The video game definition
In PC gaming, engine building is literal. You're assembling an internal combustion engine from individual components. Pistons, connecting rods, crankshaft, camshaft, head gasket, intake manifold, exhaust headers. Each component has specs that affect performance, and the combination of all of them determines whether your engine makes 150 horsepower or 500.
Automation is the deepest example. You choose bore and stroke to define displacement. You pick a fuel system. You design the head. You set compression ratio, valve timing, ignition advance. Then you put it on a virtual dyno and see what you built. The power curve tells you everything. Where it makes torque, where it falls off, whether the fuel mixture is right.
My Garage does this at a more physical level. You're bolting the actual components together in 3D space. Drop the block onto the stand, install the pistons, torque the head bolts. It's less about theoretical engine design and more about the hands-on process of assembly.
Why both definitions work
Here's what's interesting. Strip away the specifics and both types of engine building games are doing the same thing. You're selecting components from a set of options, each with different properties. You're combining them into a system. The quality of your system depends on how well the components work together. And you get feedback on whether you did it well.
In Wingspan, the feedback is your point total accelerating. In Automation, the feedback is a dyno chart. Different domains, same satisfaction loop.
Where the overlap happens
Some games blend both. A business tycoon game where you're building a car company is literally engine building in both senses. You're designing engines for your cars (literal) and you're building a business machine where each investment compounds into greater returns (metaphorical). A hot rod shop game could do both at once: build actual engines for the cars in your shop while simultaneously building a business engine where reputation leads to better customers who pay more money that funds better equipment.

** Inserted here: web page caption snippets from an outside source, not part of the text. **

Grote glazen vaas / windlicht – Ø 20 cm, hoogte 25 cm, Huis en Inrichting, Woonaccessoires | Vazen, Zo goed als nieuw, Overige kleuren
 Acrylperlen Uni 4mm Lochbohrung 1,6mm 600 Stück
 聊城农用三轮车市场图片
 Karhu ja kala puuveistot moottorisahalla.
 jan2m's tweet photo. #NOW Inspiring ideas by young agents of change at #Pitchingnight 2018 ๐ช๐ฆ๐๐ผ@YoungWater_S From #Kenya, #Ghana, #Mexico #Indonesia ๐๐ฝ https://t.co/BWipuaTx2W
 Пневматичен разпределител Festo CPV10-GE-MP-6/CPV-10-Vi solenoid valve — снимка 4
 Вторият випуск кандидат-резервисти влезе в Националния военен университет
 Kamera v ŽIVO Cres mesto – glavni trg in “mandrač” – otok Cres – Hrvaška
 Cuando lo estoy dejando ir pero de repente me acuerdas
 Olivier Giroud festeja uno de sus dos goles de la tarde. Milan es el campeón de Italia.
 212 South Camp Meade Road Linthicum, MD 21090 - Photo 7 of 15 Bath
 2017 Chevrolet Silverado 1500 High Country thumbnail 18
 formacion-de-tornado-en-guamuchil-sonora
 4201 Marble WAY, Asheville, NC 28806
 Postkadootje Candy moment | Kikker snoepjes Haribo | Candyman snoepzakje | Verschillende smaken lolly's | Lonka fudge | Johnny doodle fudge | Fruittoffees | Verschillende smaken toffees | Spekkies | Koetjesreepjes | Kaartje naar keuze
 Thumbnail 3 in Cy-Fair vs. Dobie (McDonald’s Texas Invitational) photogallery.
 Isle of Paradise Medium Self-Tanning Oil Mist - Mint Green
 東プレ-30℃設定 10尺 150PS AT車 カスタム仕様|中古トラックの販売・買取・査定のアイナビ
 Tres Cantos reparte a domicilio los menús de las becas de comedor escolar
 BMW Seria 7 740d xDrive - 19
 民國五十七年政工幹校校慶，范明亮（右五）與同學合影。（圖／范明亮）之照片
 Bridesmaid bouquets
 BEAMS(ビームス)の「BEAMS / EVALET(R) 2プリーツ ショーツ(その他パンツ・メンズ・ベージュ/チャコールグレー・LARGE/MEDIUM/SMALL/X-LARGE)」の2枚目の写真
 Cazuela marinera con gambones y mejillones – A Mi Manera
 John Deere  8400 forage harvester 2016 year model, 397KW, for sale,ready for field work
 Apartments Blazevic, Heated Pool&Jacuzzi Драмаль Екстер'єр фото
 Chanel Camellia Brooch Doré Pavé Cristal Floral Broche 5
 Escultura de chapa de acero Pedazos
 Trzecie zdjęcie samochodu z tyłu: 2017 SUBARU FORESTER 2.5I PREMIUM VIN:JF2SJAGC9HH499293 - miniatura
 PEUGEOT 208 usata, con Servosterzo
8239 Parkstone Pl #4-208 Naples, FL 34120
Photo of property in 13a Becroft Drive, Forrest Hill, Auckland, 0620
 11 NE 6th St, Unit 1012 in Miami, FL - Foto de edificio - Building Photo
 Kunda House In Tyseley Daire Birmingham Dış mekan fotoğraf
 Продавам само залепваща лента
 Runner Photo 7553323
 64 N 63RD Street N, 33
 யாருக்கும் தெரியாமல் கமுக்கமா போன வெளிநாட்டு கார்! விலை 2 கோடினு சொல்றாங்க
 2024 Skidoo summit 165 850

The psychology of building
There's a reason these games, in both forms, have such dedicated followings. Building something from parts that works is one of the most satisfying experiences a game can offer. It's not about winning or losing. It's about the moment when the system you designed starts doing what you intended it to do. That first successful dyno pull. That turn where your card combo fires off a chain of five actions.
The satisfaction also comes from the learning curve being embedded in the building process itself. Your first engine in Automation runs rough. It's underpowered, the fuel mixture is off, and the torque curve looks like a sad hill. But each time you tweak a variable and see the result, you learn something about how engines actually work. The same thing happens in Wingspan. Your first few games produce engines that sputter along, generating one egg per turn when other players are pulling off cascading combos. Over time, you start to see the synergies, and the gap between your intention and your result shrinks. That gap closing is where the real pleasure lives. Not in the final score, but in the feeling that you understood the system well enough to make it sing.
Games that let you build systems and then watch them run tap into something fundamental about how we think. We want to understand how things work. We want to prove we understand by making things that work. Engine building games, literal and metaphorical, are the purest expression of that impulse.